Volodymyr Zelensky’s theatre of nightmares

As people flee the country and losses mount, supporting Ukraine’s war effort takes its toll.

By Andrey Kurkov

The other night I found it hard to sleep. Not because the heating was turned off in our Kyiv apartment – we have plenty of warm blankets and the outside temperature had risen from -15°C to 0°C.

Of course, when you cover yourself with a layer cake of three to four blankets, their weight presses on you and it becomes difficult to turn from side to side – but you sleep warm! Yet that night, even the warmth from several blankets did not help me fall asleep. Earlier in the evening my wife and I went to the theatre to see a play based on Tennessee Williams’ novel The Roman Spring of Mrs Stone. I did not like the performance. But I watched it to the end, especially since we had bought the last two tickets the day before. The theatre was sold out and at the end of the performance the entire audience gave a standing ovation.

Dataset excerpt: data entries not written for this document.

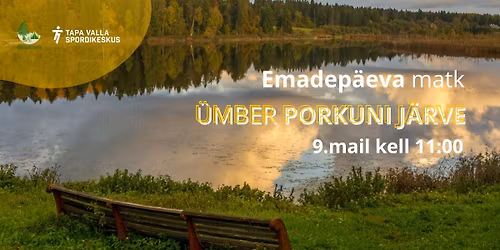 Emadep\u00e4eva matk \u00fcmber Porkuni j\u00e4rve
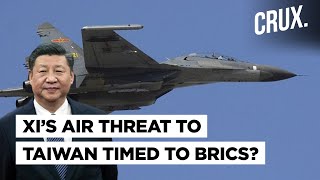 China Sends 29 Warplanes Near Taiwan, Xi’s Message To US Ahead Of BRICS Summit With Russia & Allies?
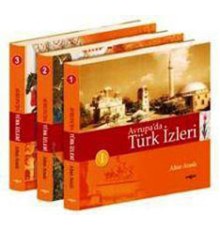 Avrupa'da Türk İzleri (3 Cilt)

Eventually, I had to get up too. I looked at the happy faces of the actors and felt the enthusiasm of the audience around me. As they continued to applaud, I tried to understand: what was happening? It was a tritely staged play about the love adventures of a rich American woman in Rome after the Second World War, about Italian aristocrats impoverished by the war, forced to become gigolos or beggars. At the end of the play, one of the heroines, an old Italian countess, utters an essentially anti-American monologue, from which it is clear that she is a supporter of Mussolini and cannot forgive the Americans for the defeat of fascist Italy.